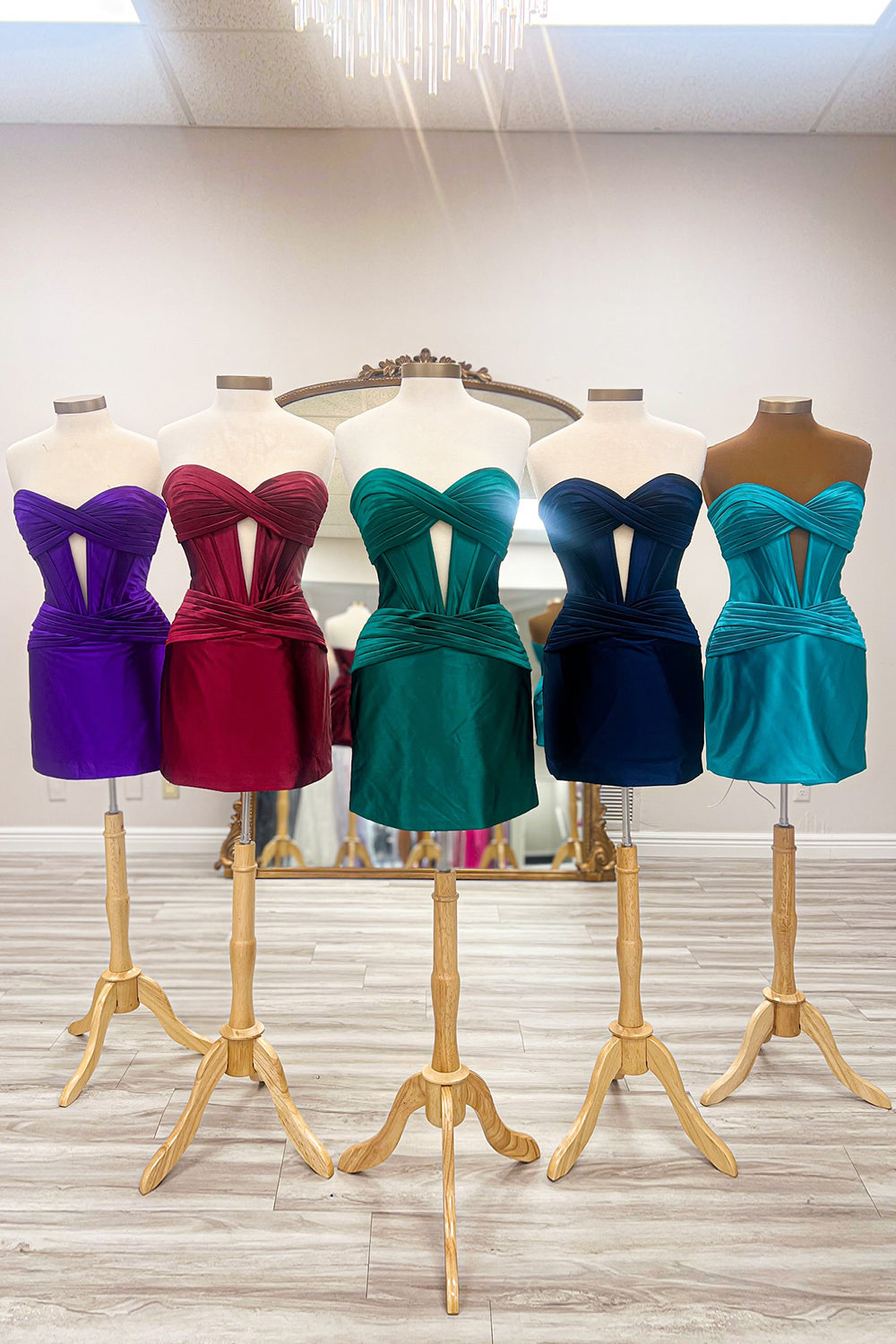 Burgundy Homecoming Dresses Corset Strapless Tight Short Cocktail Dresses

--

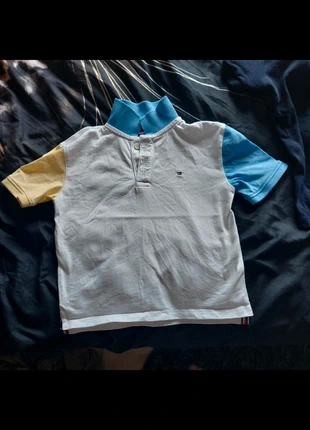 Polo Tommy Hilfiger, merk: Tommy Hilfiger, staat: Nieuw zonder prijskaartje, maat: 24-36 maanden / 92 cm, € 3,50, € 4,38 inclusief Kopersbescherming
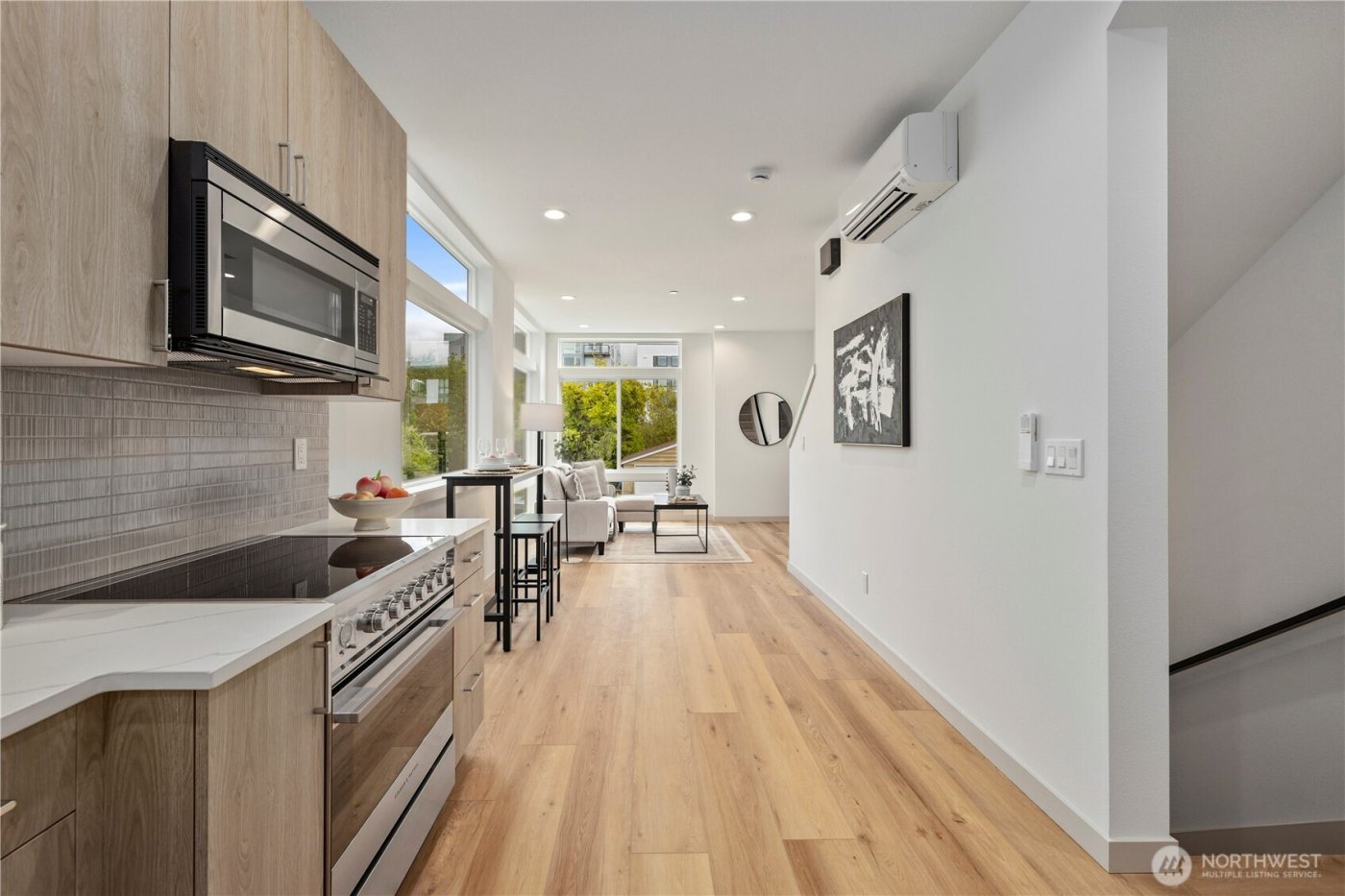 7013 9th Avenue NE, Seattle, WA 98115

## What is being asked:
In the listing above, find the line containing "Polo Tommy Hilfiger, merk: Tommy" and the line containing "7013 9th Avenue NE, Seattle, WA 98115". Print those two lines and every line between them exactly, with no pictures.

## Task output:
 Polo Tommy Hilfiger, merk: Tommy Hilfiger, staat: Nieuw zonder prijskaartje, maat: 24-36 maanden / 92 cm, € 3,50, € 4,38 inclusief Kopersbescherming
 7013 9th Avenue NE, Seattle, WA 98115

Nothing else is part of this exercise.